*** Material for the task ***

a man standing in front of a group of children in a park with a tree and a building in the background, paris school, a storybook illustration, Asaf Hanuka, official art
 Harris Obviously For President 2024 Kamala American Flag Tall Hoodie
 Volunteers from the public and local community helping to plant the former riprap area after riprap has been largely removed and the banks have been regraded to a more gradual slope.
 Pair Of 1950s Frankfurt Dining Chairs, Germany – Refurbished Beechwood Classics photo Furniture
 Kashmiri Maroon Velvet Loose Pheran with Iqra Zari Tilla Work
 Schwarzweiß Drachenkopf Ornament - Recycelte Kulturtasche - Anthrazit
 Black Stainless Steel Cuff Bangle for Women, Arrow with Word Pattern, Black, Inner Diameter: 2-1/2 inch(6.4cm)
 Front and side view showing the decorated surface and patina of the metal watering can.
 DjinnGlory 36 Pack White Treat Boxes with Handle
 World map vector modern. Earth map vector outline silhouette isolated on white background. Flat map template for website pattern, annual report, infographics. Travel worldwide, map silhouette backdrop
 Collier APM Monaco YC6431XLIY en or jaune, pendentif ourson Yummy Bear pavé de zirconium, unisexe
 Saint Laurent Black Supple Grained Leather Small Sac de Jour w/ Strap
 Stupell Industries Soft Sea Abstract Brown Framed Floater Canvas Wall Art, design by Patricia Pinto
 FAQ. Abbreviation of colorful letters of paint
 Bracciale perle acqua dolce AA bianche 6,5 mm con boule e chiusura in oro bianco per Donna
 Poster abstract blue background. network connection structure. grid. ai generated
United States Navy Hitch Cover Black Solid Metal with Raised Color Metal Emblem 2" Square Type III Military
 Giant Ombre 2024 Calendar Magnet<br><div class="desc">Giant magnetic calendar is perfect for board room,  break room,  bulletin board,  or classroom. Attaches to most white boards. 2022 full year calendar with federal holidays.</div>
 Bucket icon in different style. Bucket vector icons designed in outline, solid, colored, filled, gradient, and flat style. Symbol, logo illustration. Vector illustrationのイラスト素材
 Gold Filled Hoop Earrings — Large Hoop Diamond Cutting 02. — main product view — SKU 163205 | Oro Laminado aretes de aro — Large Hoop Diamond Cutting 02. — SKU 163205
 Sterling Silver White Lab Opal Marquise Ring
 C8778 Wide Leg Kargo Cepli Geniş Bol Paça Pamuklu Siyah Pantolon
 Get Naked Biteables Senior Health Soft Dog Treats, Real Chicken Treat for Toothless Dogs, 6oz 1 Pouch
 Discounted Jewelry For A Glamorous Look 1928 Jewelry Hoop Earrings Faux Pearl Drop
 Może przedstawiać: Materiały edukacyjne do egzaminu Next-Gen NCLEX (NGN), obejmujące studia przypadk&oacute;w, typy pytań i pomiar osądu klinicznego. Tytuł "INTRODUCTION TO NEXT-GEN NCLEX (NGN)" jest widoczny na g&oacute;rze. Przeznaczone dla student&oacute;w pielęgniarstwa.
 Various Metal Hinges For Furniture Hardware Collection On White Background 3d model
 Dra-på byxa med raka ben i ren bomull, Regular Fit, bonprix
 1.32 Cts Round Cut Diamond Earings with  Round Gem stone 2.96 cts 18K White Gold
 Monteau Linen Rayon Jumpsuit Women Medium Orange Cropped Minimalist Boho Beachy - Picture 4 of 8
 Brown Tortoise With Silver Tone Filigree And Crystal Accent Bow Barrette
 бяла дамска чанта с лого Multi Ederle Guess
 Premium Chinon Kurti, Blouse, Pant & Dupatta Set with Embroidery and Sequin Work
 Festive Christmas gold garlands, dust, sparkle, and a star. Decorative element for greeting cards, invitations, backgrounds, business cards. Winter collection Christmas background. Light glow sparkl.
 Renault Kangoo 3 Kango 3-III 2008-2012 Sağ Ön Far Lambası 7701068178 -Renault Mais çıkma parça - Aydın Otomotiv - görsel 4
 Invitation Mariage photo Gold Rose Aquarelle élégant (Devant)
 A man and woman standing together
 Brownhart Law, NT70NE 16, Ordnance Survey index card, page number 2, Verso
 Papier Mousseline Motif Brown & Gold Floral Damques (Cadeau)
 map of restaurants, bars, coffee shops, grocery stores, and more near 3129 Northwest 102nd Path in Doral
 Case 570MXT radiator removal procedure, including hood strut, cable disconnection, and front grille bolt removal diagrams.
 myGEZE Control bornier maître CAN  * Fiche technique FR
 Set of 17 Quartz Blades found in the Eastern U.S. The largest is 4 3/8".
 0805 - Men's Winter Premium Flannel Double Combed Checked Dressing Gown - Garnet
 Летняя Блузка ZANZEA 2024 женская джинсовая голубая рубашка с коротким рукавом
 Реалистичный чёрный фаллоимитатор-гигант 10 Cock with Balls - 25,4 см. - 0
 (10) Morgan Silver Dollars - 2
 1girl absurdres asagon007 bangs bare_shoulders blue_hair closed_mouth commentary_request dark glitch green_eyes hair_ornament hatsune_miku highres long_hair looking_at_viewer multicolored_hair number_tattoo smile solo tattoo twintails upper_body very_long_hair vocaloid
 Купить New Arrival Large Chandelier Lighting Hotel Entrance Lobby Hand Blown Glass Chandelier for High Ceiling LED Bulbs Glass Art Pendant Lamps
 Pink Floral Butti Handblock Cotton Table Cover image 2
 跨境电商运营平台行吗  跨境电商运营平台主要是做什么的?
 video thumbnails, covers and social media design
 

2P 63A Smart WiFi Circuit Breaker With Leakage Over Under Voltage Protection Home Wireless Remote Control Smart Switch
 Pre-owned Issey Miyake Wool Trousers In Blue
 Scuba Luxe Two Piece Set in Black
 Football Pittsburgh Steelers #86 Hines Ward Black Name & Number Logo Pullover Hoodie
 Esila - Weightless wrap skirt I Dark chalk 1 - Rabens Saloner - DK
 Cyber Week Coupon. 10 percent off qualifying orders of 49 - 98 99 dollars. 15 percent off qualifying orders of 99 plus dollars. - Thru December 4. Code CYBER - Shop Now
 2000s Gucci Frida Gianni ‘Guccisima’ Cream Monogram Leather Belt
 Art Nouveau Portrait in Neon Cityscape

*** End of Material for the task ***

▶ [Requirement]: What is needed is an exact copy of the entries from their first line down to the line with "Pair Of 1950s", that line included, and nothing beyond it.

▶ [Solution to this task]:
a man standing in front of a group of children in a park with a tree and a building in the background, paris school, a storybook illustration, Asaf Hanuka, official art
 Harris Obviously For President 2024 Kamala American Flag Tall Hoodie
 Volunteers from the public and local community helping to plant the former riprap area after riprap has been largely removed and the banks have been regraded to a more gradual slope.
 Pair Of 1950s Frankfurt Dining Chairs, Germany – Refurbished Beechwood Classics photo Furniture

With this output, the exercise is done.